ENTRIES SUPPLIED:
-.-.-
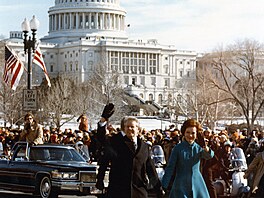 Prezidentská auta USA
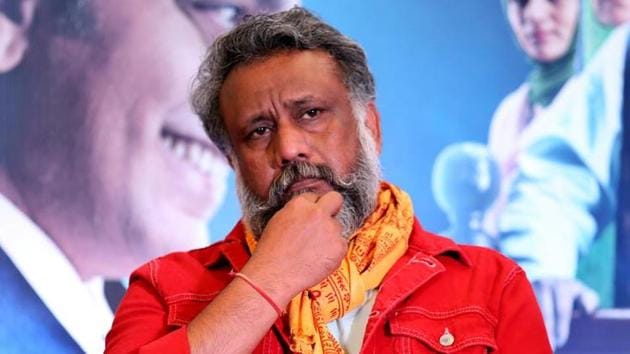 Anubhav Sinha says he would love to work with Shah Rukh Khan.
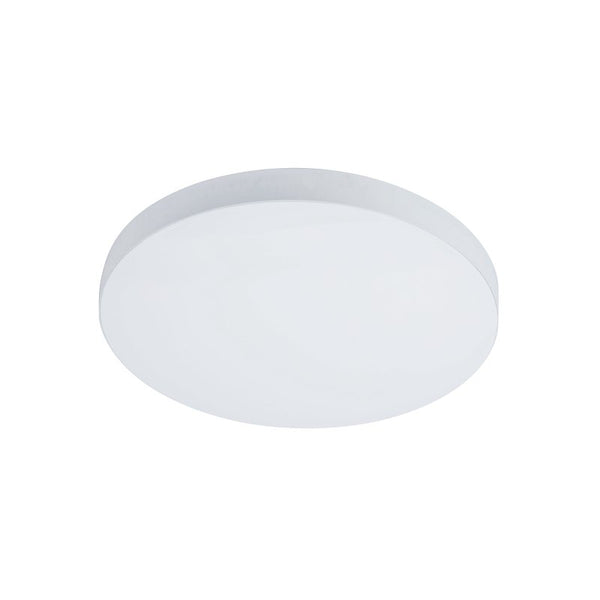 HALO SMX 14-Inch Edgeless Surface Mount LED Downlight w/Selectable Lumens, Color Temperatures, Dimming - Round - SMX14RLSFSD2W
-.-.-
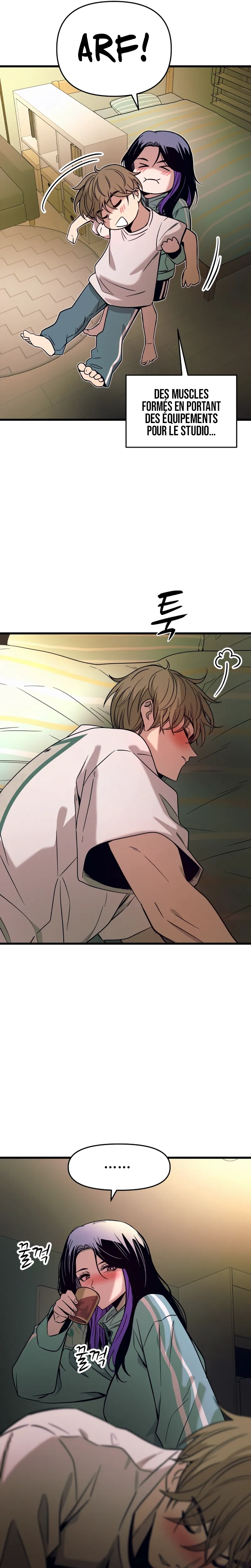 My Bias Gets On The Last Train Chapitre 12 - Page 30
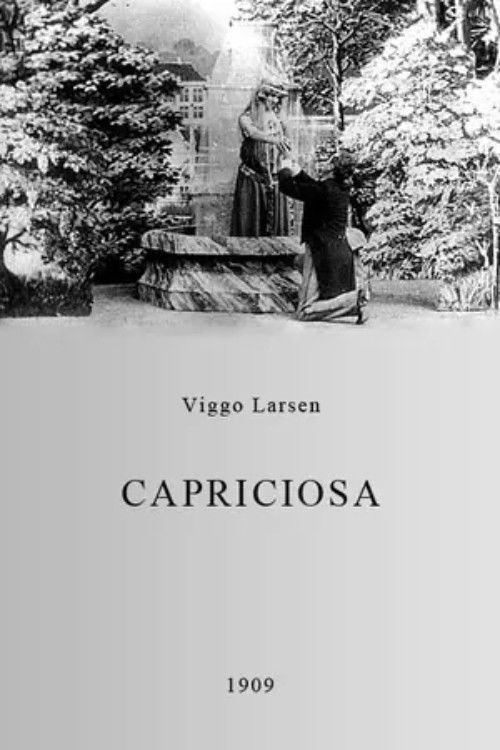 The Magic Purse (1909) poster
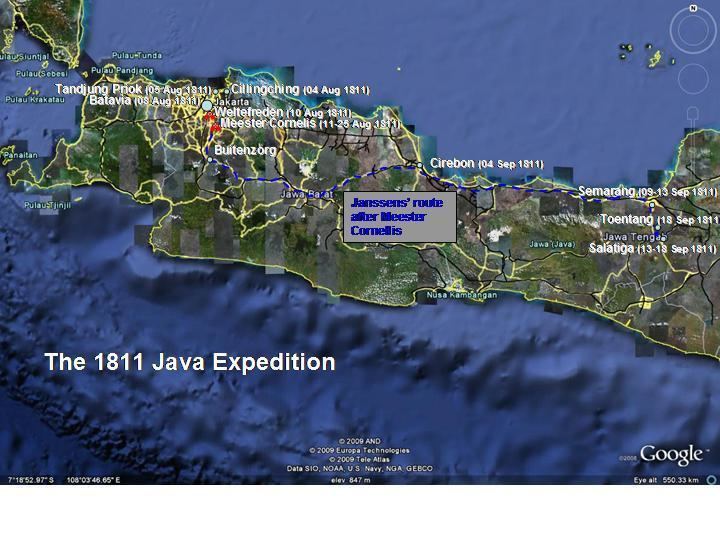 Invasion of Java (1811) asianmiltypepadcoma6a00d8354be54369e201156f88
-.-.-
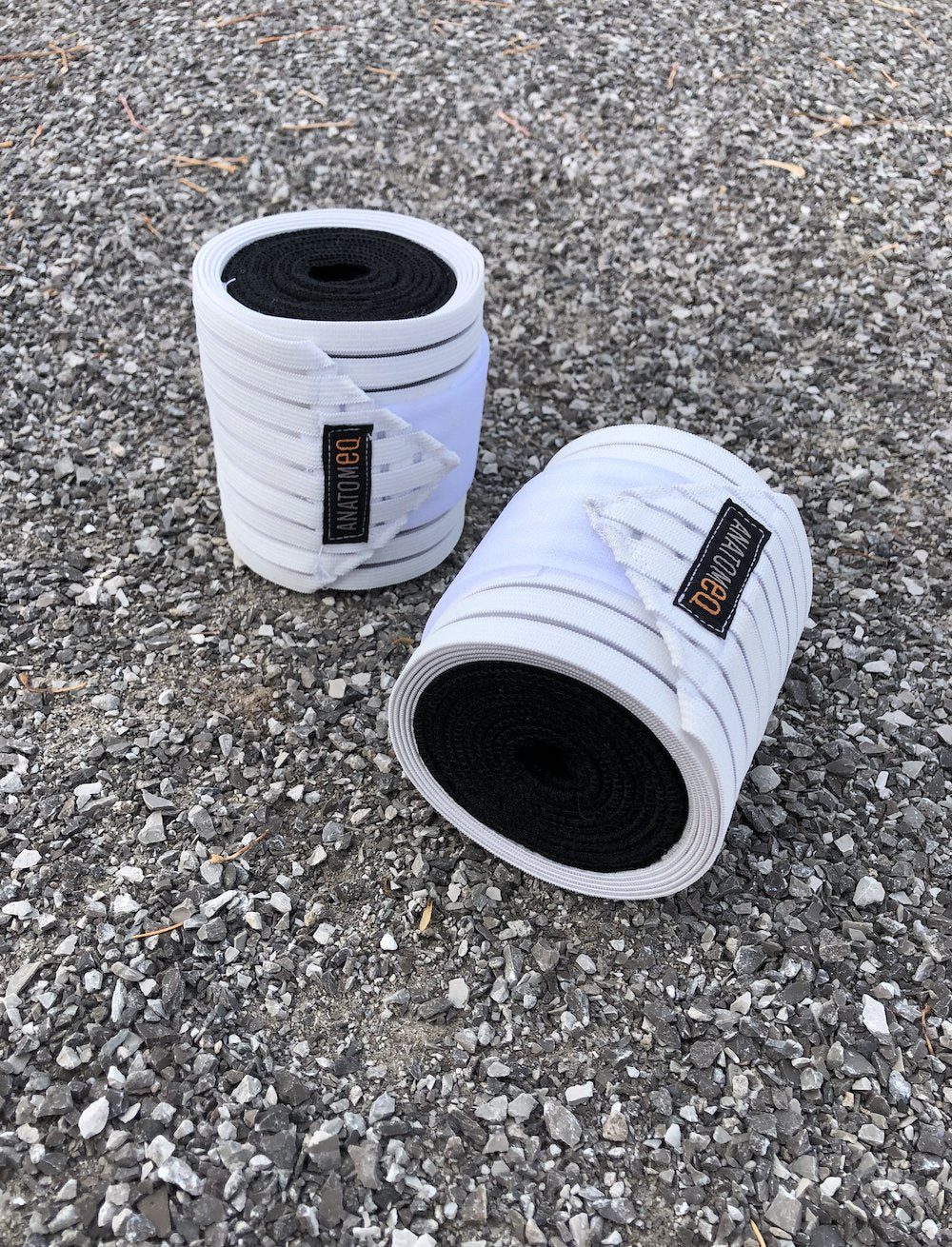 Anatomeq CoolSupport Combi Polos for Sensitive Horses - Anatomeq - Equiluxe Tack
-.-.-
TASK PROMPT:
Copy only this from above: the line containing "My Bias Gets", the line containing "Invasion of Java", and all lines between, printed exactly. Leave out the pictures.

RESPONSE:
 My Bias Gets On The Last Train Chapitre 12 - Page 30
 The Magic Purse (1909) poster
 Invasion of Java (1811) asianmiltypepadcoma6a00d8354be54369e201156f88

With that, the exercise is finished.